Él se rió y abrazó a Annabelle, su hija. Había días en que le resultaba increíble que aquel milagro de cuatro años fuera suyo.

Sintió un dolor agudo al pensar en Sarah y en lo que se perdía. En el año transcurrido desde su muerte, Annabelle había crecido y cambiado mucho. Y su madre no había podido verlo. Se le llenaron los ojos de lágrimas, pero se las tragó antes de que Annabelle se diera cuenta.

–Me alegro de que hayas llegado. Esta niña me agota. Tiene demasiada energía –Greta Reynolds, la madre de Daniel le revolvió el pelo a su nieta–. Hemos jugado al escondite, hemos construido una ciudad entera con las muñecas, hemos hecho galletas de chocolate y se nos han gastado las pinturas de tanto usarlas.

–¿De verdad? –preguntó Daniel a su hija.

Ésta asintió.

–Voy a meter la cena en el horno –Greta dio una palmada a su hijo en el hombro y se dirigió a la encimera.

–Papá –le pidió la niña mientras lo tomaba de la mano y lo llevaba a la mesa de la cocina–. Ven a merendar a mi fiesta.

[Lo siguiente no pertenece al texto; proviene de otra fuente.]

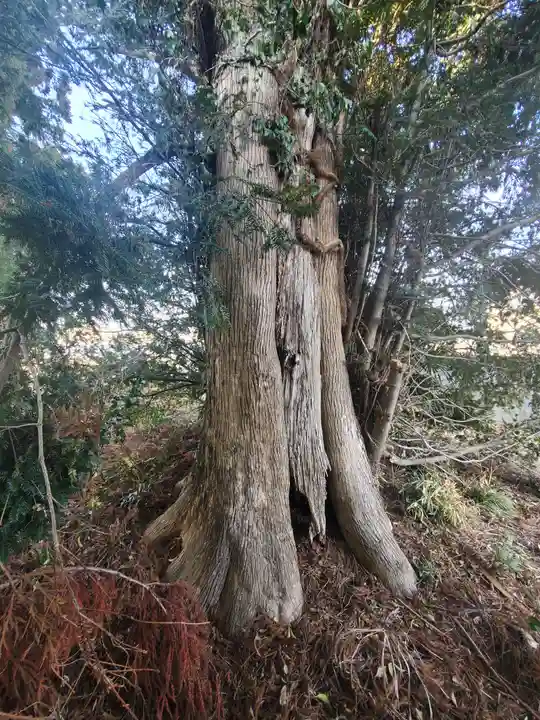 神明宮(県町)(栃木県)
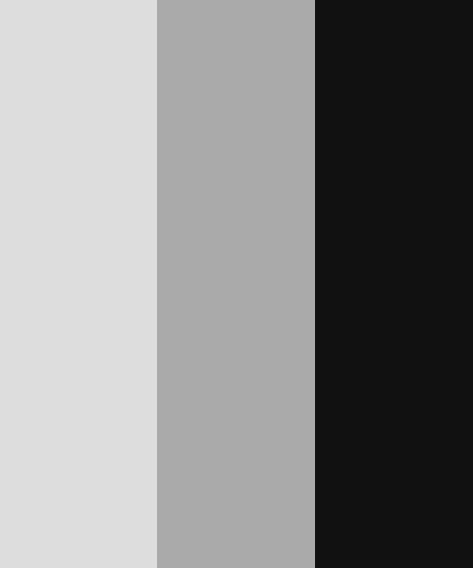 Fav Color Black And White, Black And White Color Palette, Black Color Scheme, Gray Hex, Hexadecimal Color, Black Color Palette, Grey Palette, Color Black And White, Grey Color Palette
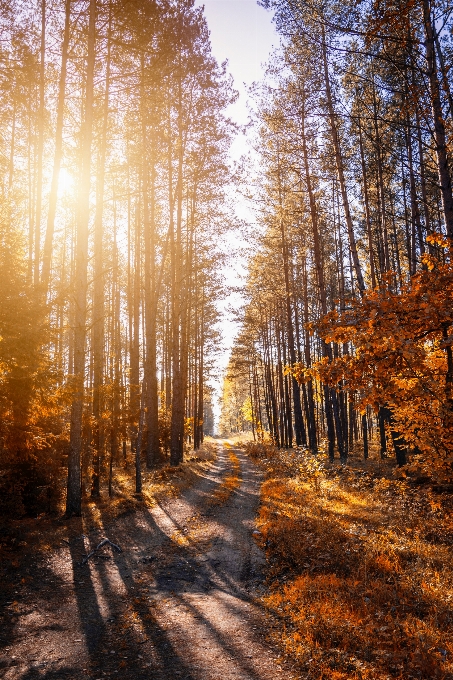 Nature path woodland forest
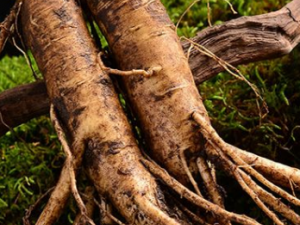 ��½���Ĺ�Ч ��½������ˮ��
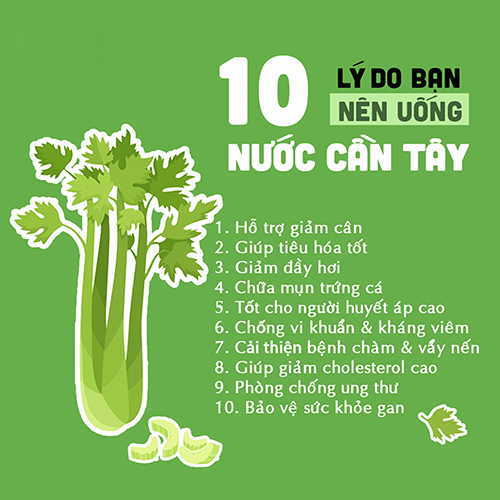 Bột Cần Tây Dalahouse - Công Nghệ Sấy Lạnh Nhật Giữ 90% Dinh Dưỡng Rau Tươi Theo Tiêu Chuẩn FDA Hoa Kỳ- 100% Fresh Natural Celery Powder (NPP Anni)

Su padre ahogó un gemido. Otra fiesta. Antes de que pudiera negarse, su hija lo había sentado en una silla y se había encaramado a la que había enfrente. Daniel fue a agarrar una taza de plástico, pero Annabelle lo detuvo.

–Tienes que ponerte esto –le dio un pañuelo rosa.

–¿Tengo que ponerme eso?

–Es una merienda, papá –contestó la niña a modo de explicación.

Cada vez que había que fingir o hacer tonterías, el lado razonable y lógico de Daniel prevalecía. Apartó el pañuelo.

–¿Por qué no sirves el té, Belle?

Ella fingió llenar una tacita.

–Aquí tienes, papá.

Él miró el interior de la taza.

–Aquí no hay té.

–Tienes que fingir, papá –la niña lanzó un suspiro de frustración. Tomó su taza y dio un sorbo del té invisible–. ¿Lo ves?

Su decepción era evidente. Daniel le había fallado, cosa que era lo último que él pretendía. Pero se sentía tan perdido como un hombre en el desierto sin brújula que, cada vez que trataba de modificar el rumbo, lo único que conseguía era empeorar las cosas. ¿No había sido ésa la cantinela de Sarah? ¿Que nunca estaba allí, que no se ocupaba de su hija?

–Lo siento, cariño. No se me dan muy bien las meriendas.

–No –murmuró Annabelle mientras agarraba un oso de peluche de otra silla y fingía que le daba de beber.

Cuando quedó claro que la niña no iba a volverle a invitar, Daniel se levantó sintiéndose derrotado.

–Creo que la abuela me necesita.

Fue a la encimera, agarró una barra de pan y comenzó a partirla. Unos segundos después sintió la mano de su madre en el hombro. Greta se volvió a Annabelle.

–Cariño, se te ha olvidado invitar a Whitney a merendar. Ve a por ella. Seguro que se siente sola en tu habitación.

–¡Es verdad, abuela! –la niña salió disparada.